この映画に、決闘以外のドラマはない。セリフもほとんどないし、脚本にもないのではないか?あくまでも、セットの中での動きと時間の勝負!単調になりがちな、殺陣をどういう画で見せていくか?そういうデザインと仕掛けとリハーサルに費やされた時間は多いと思う。
映像を見ていればわかるが、西陽が眩しいシーンが何回かある。つまり、日暮れの77分で撮りあげた映画である。普通に考えて、この動きのアクションを続けるのは尋常ではない。ましてや主役は武蔵に見えなくてはいけない。そう考えれば、様々に問題はあるし、いろいろいう人もいるだろうが、まあ、作品として、これを仕上げたことには拍手ではある。坂口拓という人のアクション俳優としてのイカれた部分は十分に見える。
私は、殺陣を見ていて、坂口が絶対的に強い武蔵には見えてこなかった。ある意味、根性で敵を斬っていく感じである。そう、敵との間合いに五輪書にあるような哲学が見えるわけではない。ただ、そこに敵がいるから斬るという感じ。だから、この項のタイトルにつけたように、スクリーンに映ったものは、プロレス的なものであった。考えれば、普通の喧嘩や斬り合いは、見せ物としてはつまらない。それをショー的に見せるのがプロだ。坂口は、それは十分承知の上で、エンターテインメントとしての1対多人数という決闘を成立させていく。

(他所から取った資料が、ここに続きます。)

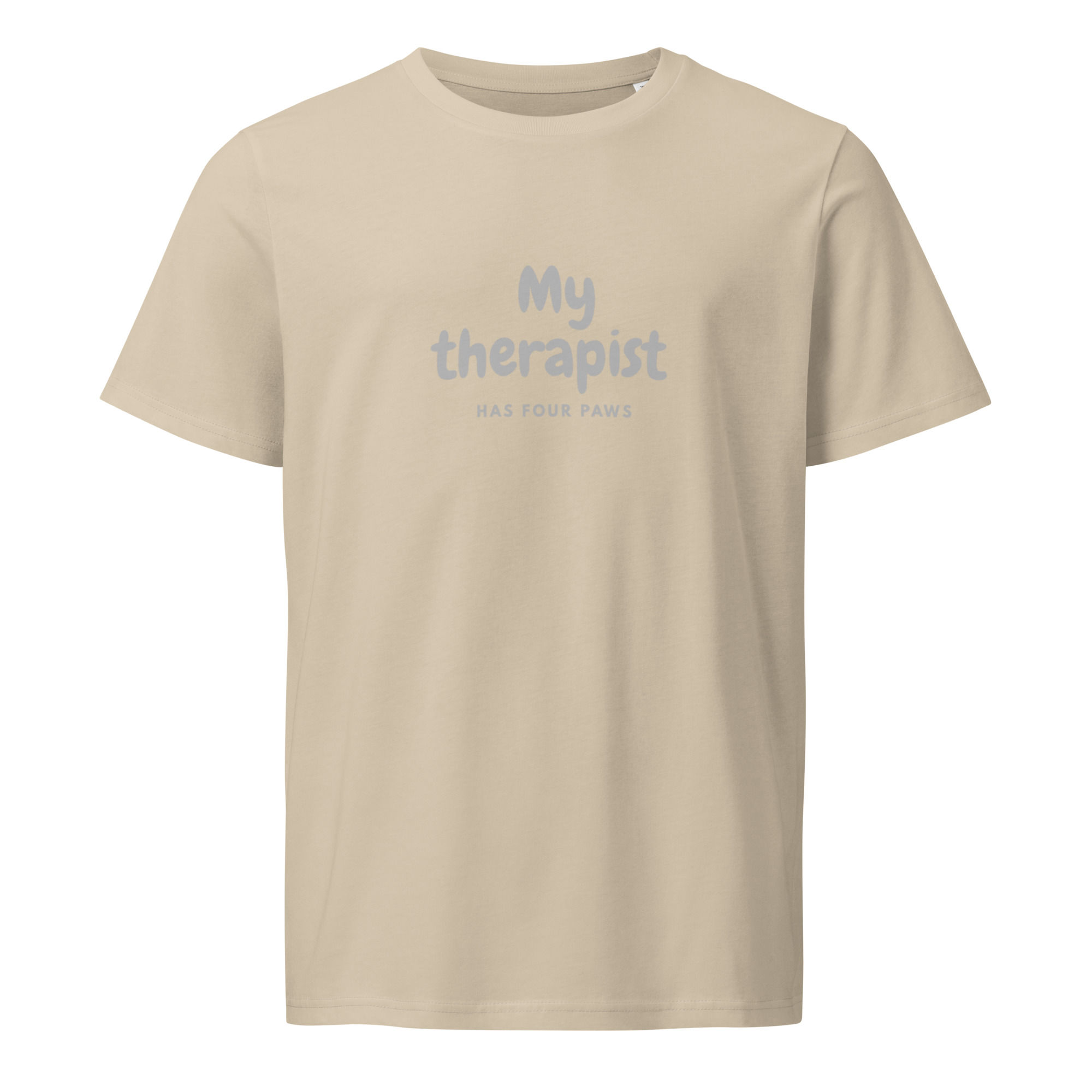 Unisex organic mid-light t-shirt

休憩をするところも作り、給水もする。まさに、アスリートとしてのアクションの連続がどこまで可能なのか?それは、カメラを回す方も同様だ。観ていくと、確実に、役者もスタッフも疲れて行っているのがわかる、それを楽しむのもこの映画の見方なのだろう。
これまで、誰もやらなかった、こういう決闘をリアルタイムで見せるという行為を試し、完成させたことは、デジタルで作る時代劇というのは、もっとリアルな方向にも進めるということなのかもしれない。
ただ、武蔵が人を斬ると血飛沫が飛び散るのだが、これが全てVFXのようで、着物についたり、地べたに残ったりしないので、今一、リアルな臭いがしなかったのは残念だった。武蔵は返り血もほとんど浴びずに人を斬り続ける。それは、ワンカットで撮っているためのハンデみたいなものなのだが、この辺りは作品のあり方として弱い。
ワンカットの決闘の最後は俯瞰になる。カメラをクレーンにくくりつけて撮ったような感じだと思うが、これ「カメラを止めるな」と同じなんですよね。多分、一回、俯瞰の画から元の構図に戻すのが難しいということなのだと思うのですが、どうなのでしょうか?
そういう、勘ぐりみたいな感想はいっぱい出てくるでしょうが、時代劇の作り方というものを一歩進めた感じは面白かったです。そして、この映画を観て、こういうアクションを本気でやる人が増えればいいなと思った作品でもあります。デジタルとはいえ、映画とは身体使ってナンボという世界ですよね。